Pour les Russes, la baisse de la production demandée par l’Opep aurait favorisé l’écoulement du pétrole de schiste américain. Une situation insupportable pour Moscou, qui a préféré faire cavalier seul et aller au clash.
“Du point de vue des intérêts russes, cet accord (de baisse de la production) n’a aucun sens”, a déclaré dimanche Mikhaïl Leontiev, porte-parole du géant russe de l’énergie Rosneft, à l’agence de presse Ria Novosti. Pour lui, retirer du marché les pétroles arabe et russe à bas prix reviendrait à “laisser la place aux schistes américains à prix élevés, pour rendre leur industrie rentable. Notre production serait tout simplement remplacée par celle de nos concurrents. C’est du masochisme”, assène-t-il.

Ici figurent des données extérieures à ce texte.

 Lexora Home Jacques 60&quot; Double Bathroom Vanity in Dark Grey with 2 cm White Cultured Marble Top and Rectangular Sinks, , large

Mais pour le New York Times, “la Russie comme l’Arabie Saoudite semblent viser un bénéfice à court terme, stratégiquement risqué. La Russie avait acquis une influence notable au Moyen-Orient, en s’alignant avec l’Opep. Et contribuer à soutenir les prix du pétrole, en accord avec l’Arabie Saoudite et les autres États du Golfe, a aidé le gouvernement de Nicolás Maduro (un allié de Moscou) à survivre au Venezuela”, observe le quotidien.
“Pour l’Arabie Saoudite, la coopération avec la Russie a renforcé l’influence de l’Opep, au moment où elle était menacée par la croissance de la production pétrolière américaine, qui a fait des États-Unis un exportateur majeur de brut, pour la première fois depuis des décennies”, ajoute le journal américain.
Si la Russie et l’Arabie Saoudite n’enterrent pas la hache de guerre au plus vite, l’agence Bloomberg craint des conséquences “cataclysmiques” pour l’industrie pétrolière américaine, qui affecteront “les géants tels qu’Exxon Mobil comme les petits exploitants de schistes du Texas”.
“Cela touchera durement les budgets des nations dépendant du pétrole, de l’Angola au Kazakhstan, et pourrait aussi redistribuer les cartes politiques, en réduisant l’influence de pays comme l’Arabie Saoudite”, ajoute l’agence économique. “Et le combat contre le changement climatique pourrait subir un revers, les énergies fossiles devenant plus compétitives que les énergies renouvelables.”